Some of those who have come haven’t even bothered waiting around for a building to be updated. “We’d like to think of ourselves as building the world’s largest general contracting company,” said Jean Browhill Lauer, founder and CEO of Sweeten, which connects homeowners with vetted interior designers and general contractors in order to arrange renovations of homes by trusted teams.
Ms. Lauer said that the company’s offices at 195 Chrystie Street, between Stanton and Rivington Streets, have worked out especially well for it, because one of its key constituencies is contractors. It’s important, she said, that the firm has a professional space in a neighborhood where the contractors that come to meet with them don’t feel out of place, like they might in Midtown or the Flatiron District.
Midtown and the Flatiron District came up with each of the firms Commercial Observer spoke with.
AppFigures, a tech company that builds a reporting system for mobile apps and is used by companies like eBay, Evernote and PBS, left Midtown for its third office, which it leased on the Bowery in 2013.
“After being in Midtown for several years we wanted a break from the ‘busy’ side of the city. We were looking for a quieter area that’s still easily accessible,” Ariel Michaeli, the founder and chief executive officer of the company, said via email. AppFigures has been located at 133 Chrystie Street, between Broome and Delancey Streets, since 2013.
Mr. Michaeli described the space initially as “a warehouse space with lots of potential.” He said it took a few months and a few dump trucks to get it ready for occupancy, but then they moved in. “I think the success of the area will depend on availability of spaces and the inclination of startups to renovate,” he said. Saving companies from that kind of effort is the sort of value that developers like Caspi are looking to provide. Mr. Michaeli’s company was willing to put in the effort but there’s one problem it can’t solve on its own: reliable, fast Internet. It uses a main provider, Time Warner, with a backup metro Ethernet/DSL-based service, which Mr.

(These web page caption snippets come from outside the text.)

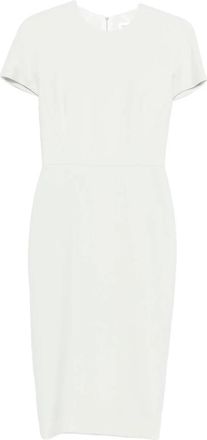 Victoria Beckham Aloe Dress - Dames - Casual kleedjes - Groen - L - Kleedjes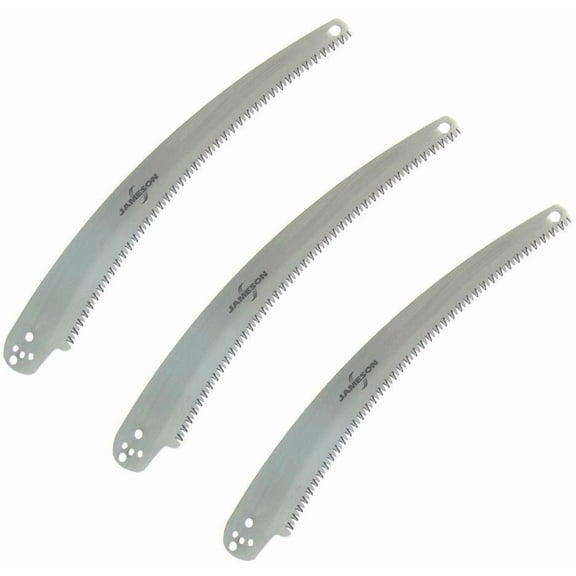 16 in. Barracuda Tri Cut Replacement 3 Pack Pruning Saw Blade For Jameson Pole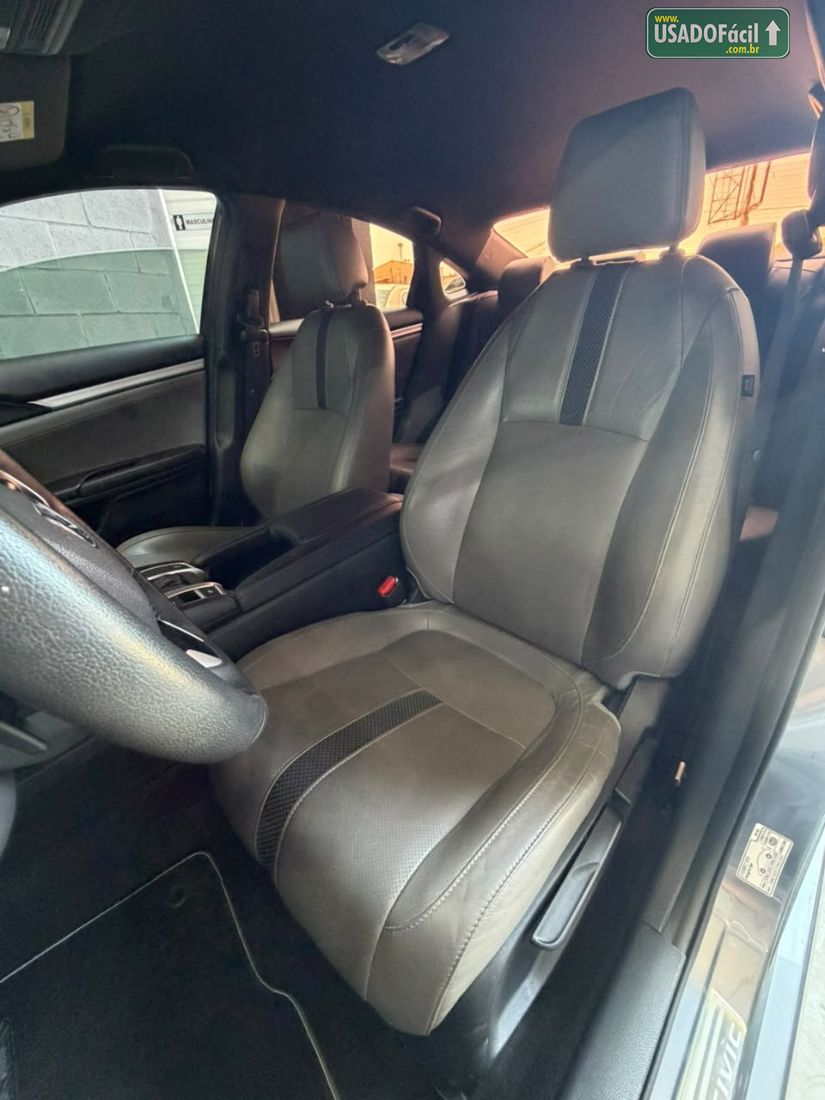 Honda Civic Sedan EXL 2.0 Automático Flex 2021/2021 — foto 15 de 20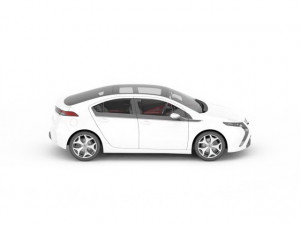 opel ampera Modello 3D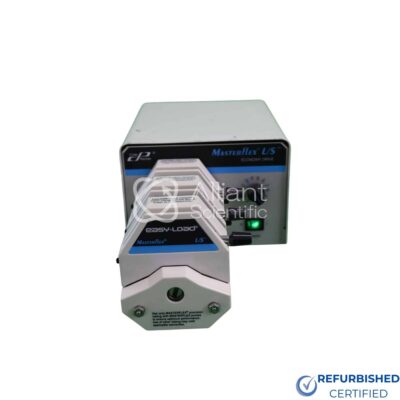 Cole-Parmer Masterflex 7554-90 Peristaltic Pump with 3 Easy-Load 900-1315 Pump Heads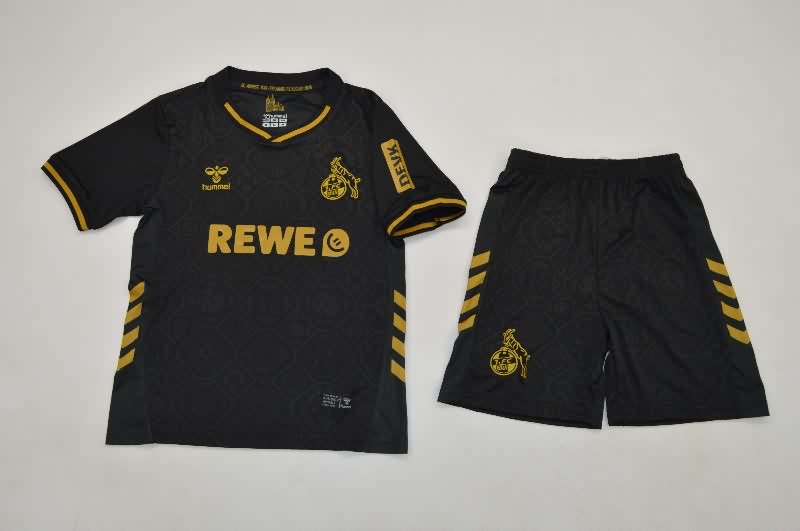 Koln 25/26 Kids Third Soccer Jersey And Shorts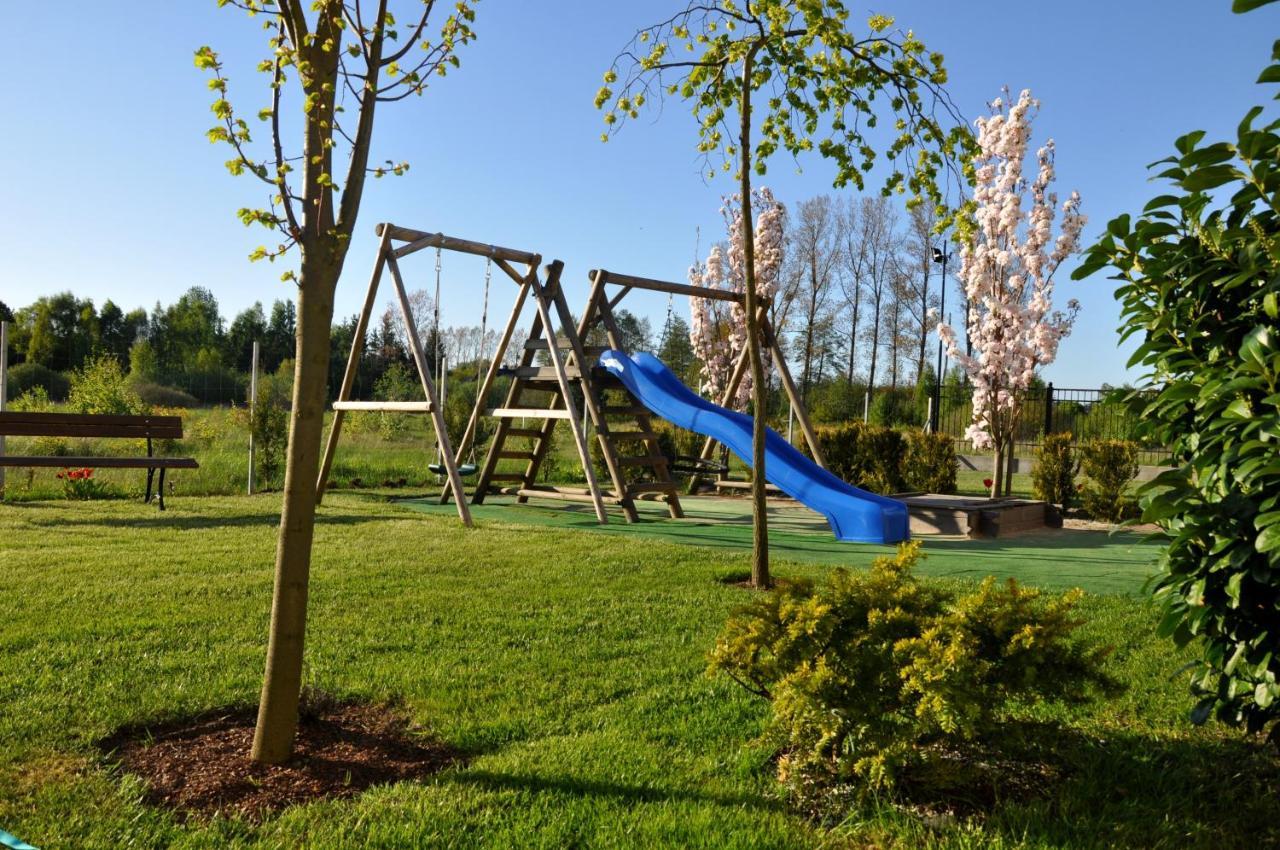 Gosciniec Kaszubski Homestay Białogóra 외부 사진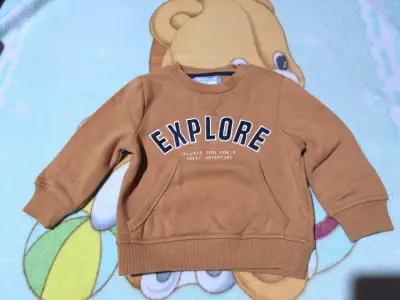 Polerón infantil baby harverst - miniatura 1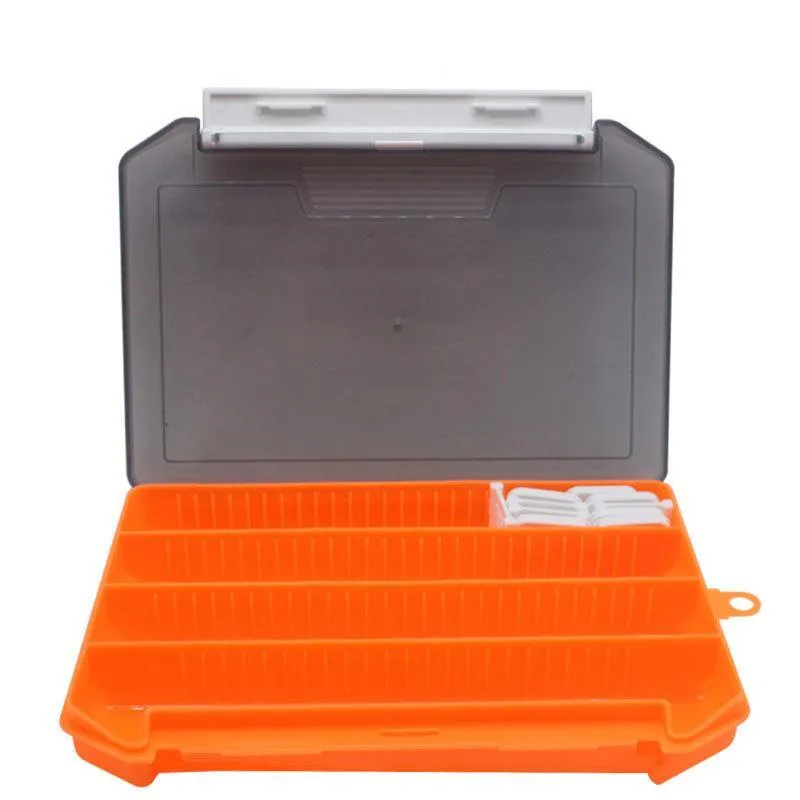 Fishing Tackle Box - 11pc Storage Container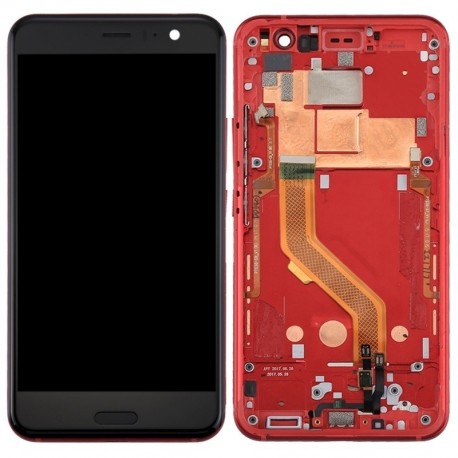 troubleshoot broken screen HTC U11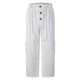 thumbnail image 2 of Ceisia Men's Trendy Solid Color Gift Straight Leg Casual Beach Workwear Trousers with Pockets, 2 of 7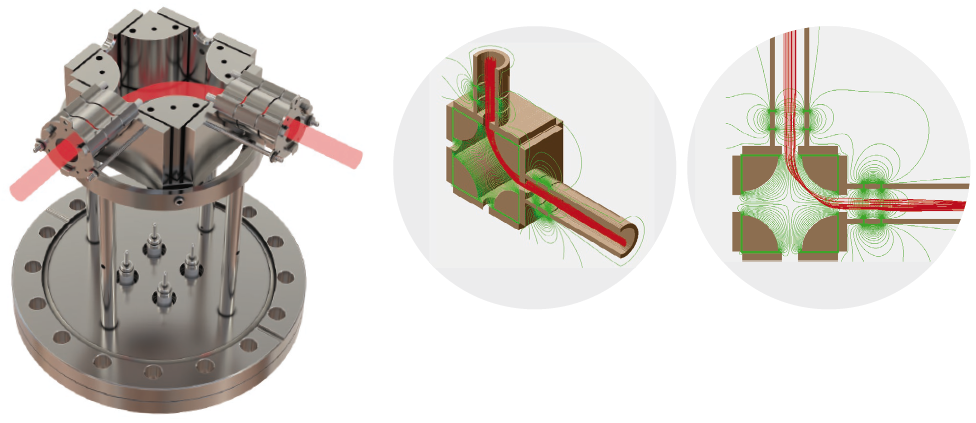 Beam deflector: With adjustable tilt, part number 582000.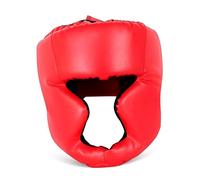 WHAMVOX Adjustable Boxing Headgear Adult Sparring Guard with Thick Foam Protection and Moisture Wicking Lining for Taekwondo Kickboxing Mma Training Ventilated Ear for Clear Hearing and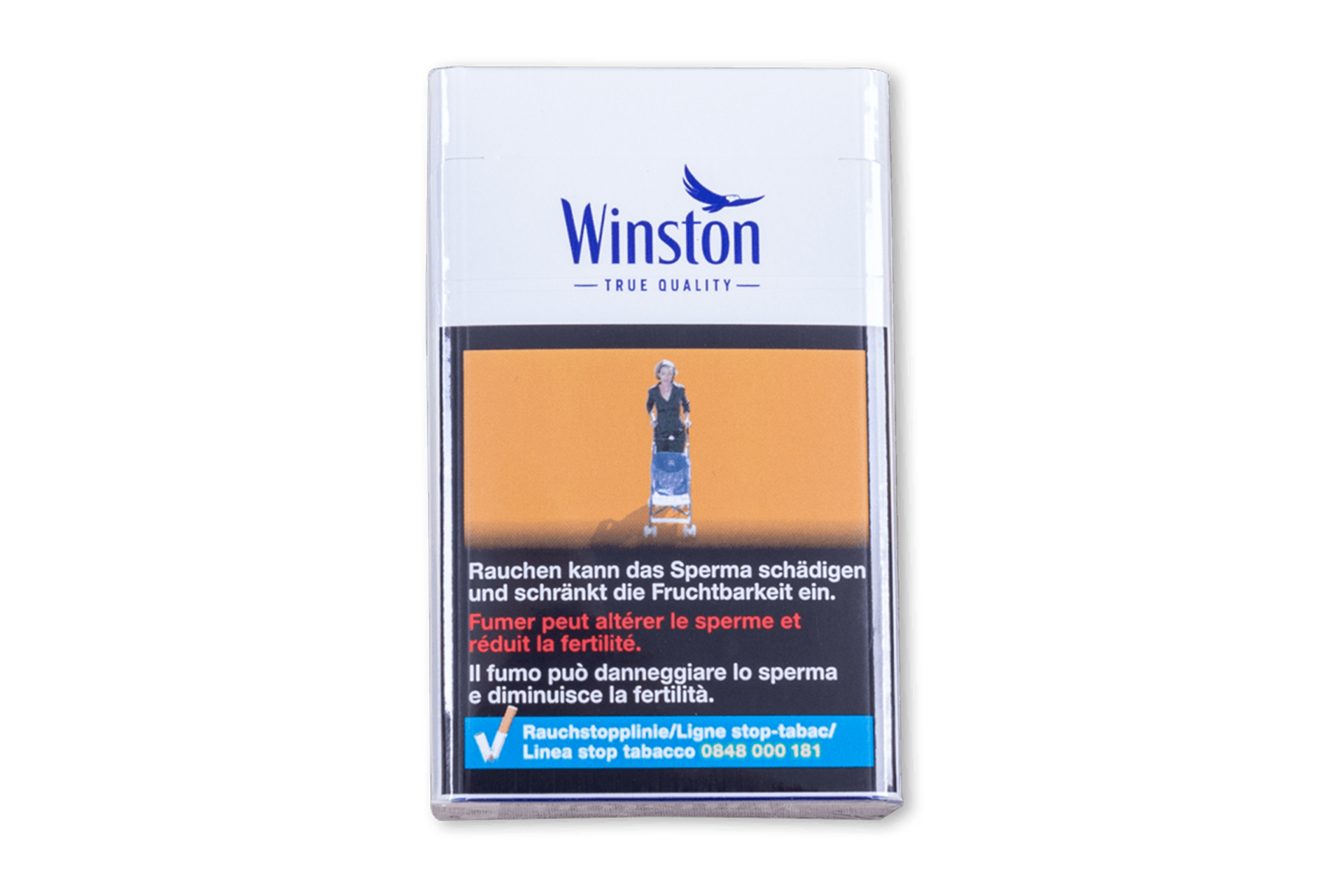 Winston Blue Box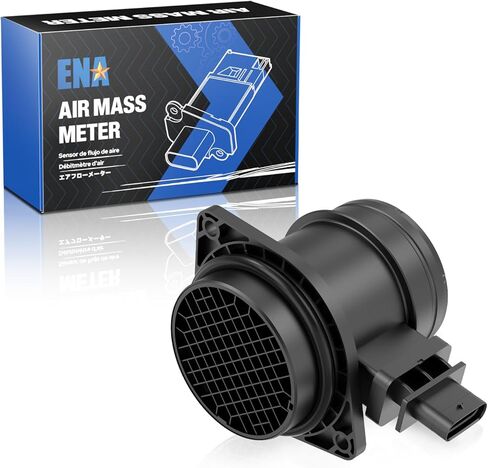 ENA Mass Air Flow Sensor Meter MAF Compatible with Mini Cooper 2009 2010 2011 2012 Replacement for 13627582553 MAS0359 in Saudi Arabia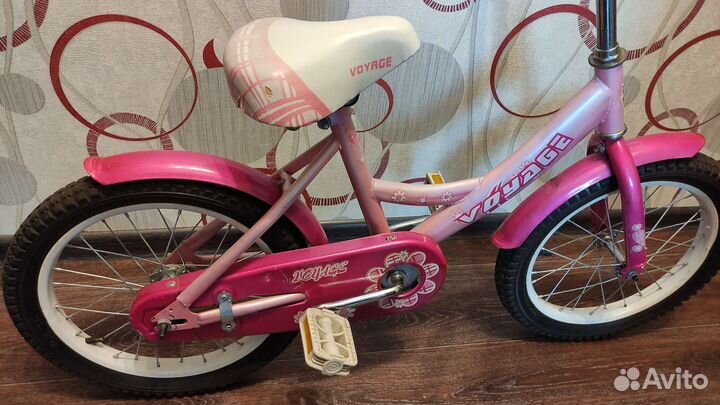 Детский велосипед 16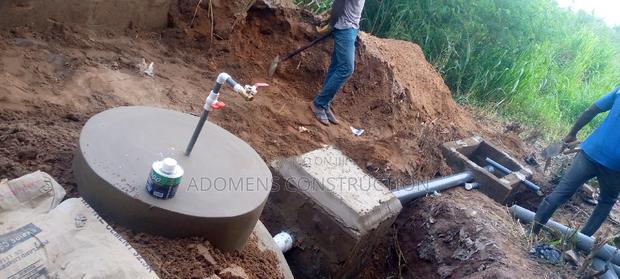Biogas Toilet - Gas for Cooking photo 5
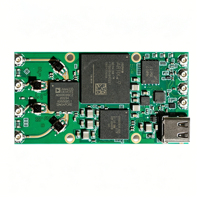 Radio Definida por Software (SDR) Tiny B210 B205mini, 70MHz-6GHz, Ancho de Banda de 56MHz, USB3.0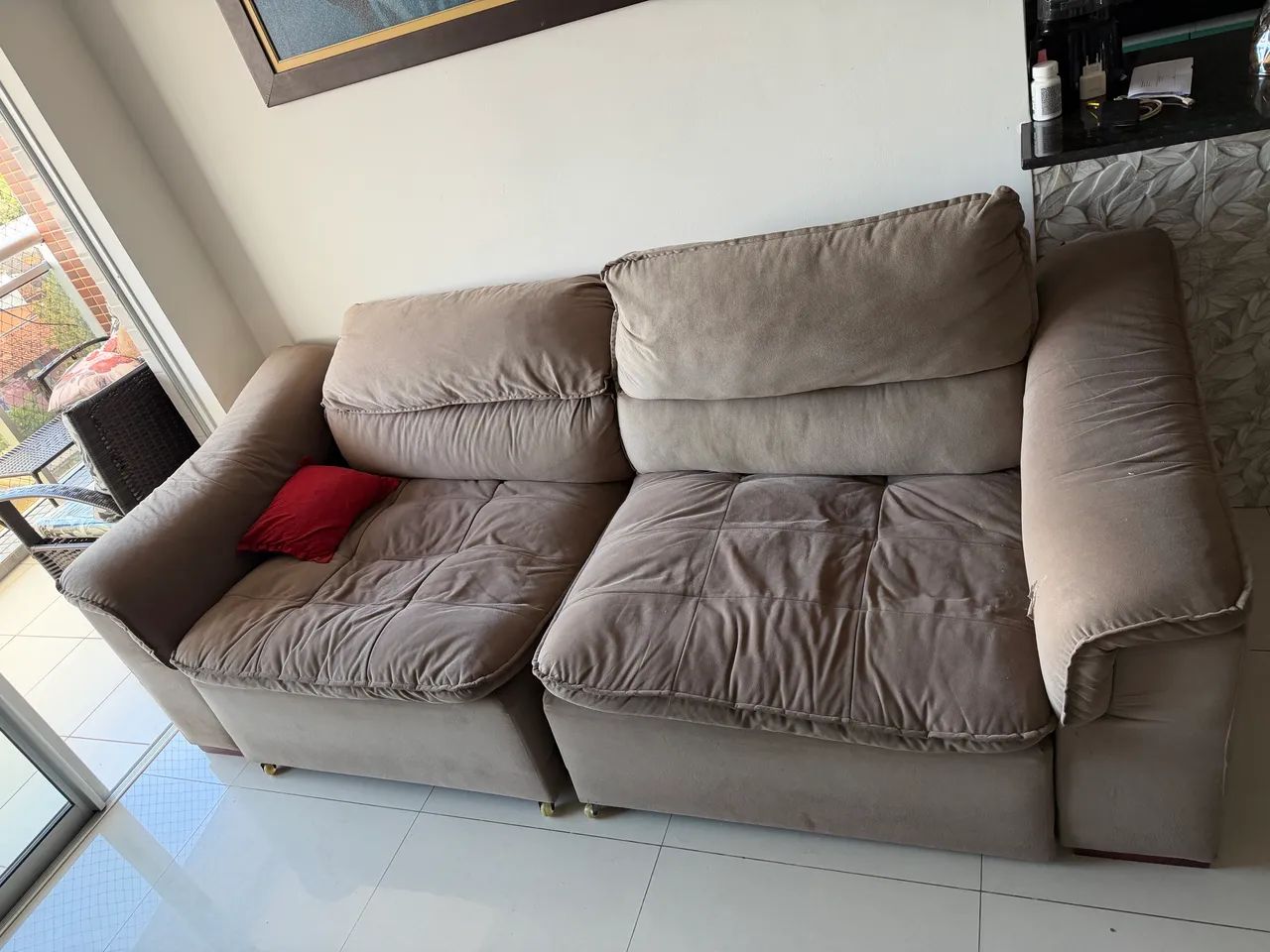 Vendo sofá  - Foto 2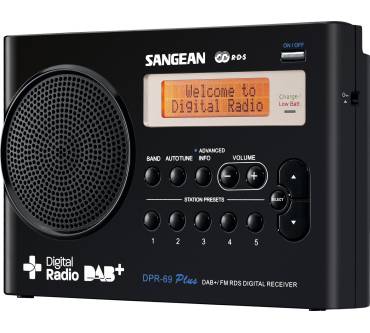 Produktbild Sangean DPR-69+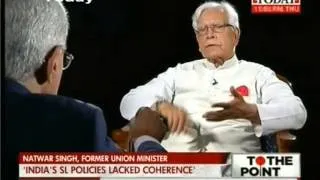 H T To The Point   Natwar Singh Part II 31 7 2014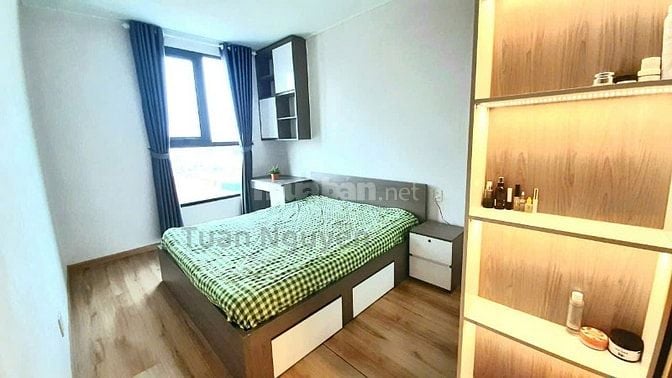 CHUNG CƯ CĂN 2 PHÒNG NGỦ MỚI ĐẸP ĐỦ NỘI THẤT QUẬN 6 CHO THUÊ 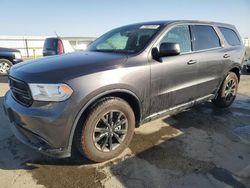 2019 Dodge Durango SXT en venta en Fresno, CA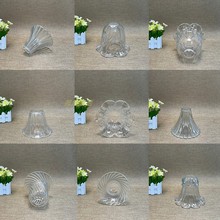透明玻璃灯罩外壳吊灯吸顶灯壁灯台灯欧式美式现代灯具配件外壳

Michaeli described as less than ideal.
Meanwhile, Ms. Lauer said her Verizon FiOS service has been fine, and obviously companies that take space at 161 Bowery should also be happy with their Internet service. Though, broadly speaking, New York City falls far behind Internet speeds of major cities in other industrialized countries; however, the installation of fiber at 161 Bowery will have broader implications for buildings in the area.
Shrihari Pandit, the CEO of Stealth Communications, said that his company is in the process of connecting six more buildings nearby, including a co-working space called Projective NYC, at 72 Allen Street, between Broome and Grand Streets, which is home to buzzy startups like Stripe, Instacart and Buffer. Stealth can provide competitive commercial services at speeds of 100 Mbps or even 1 Gbps, for dedicated service. Mr. Pandit said that his company also has the capacity to offer even more competitive prices on high-speed fiber in buildings where multiple tenants share access.
Mr. Hopkins also spoke to the popularity of the Flatiron District and Midtown. In his experience, he said, those are the neighborhoods where a lot of companies like to go to once they have had a certain level of success, but Bureau Blank is happy where it is.
His most recent walking tour for new staff took place on April 30. They visited four spots, including a pharmacy/tea bar, a gift and home decor store, an art gallery and a houseplant design firm. It’s the sort of local color that firms like Bureau Blank draw inspiration from and the kind that could mean a lot more companies like his will be looking to set up more offices on the upper floors of Bowery buildings, if someone does the work to get them ready and someone can wrangle fiber to the front door.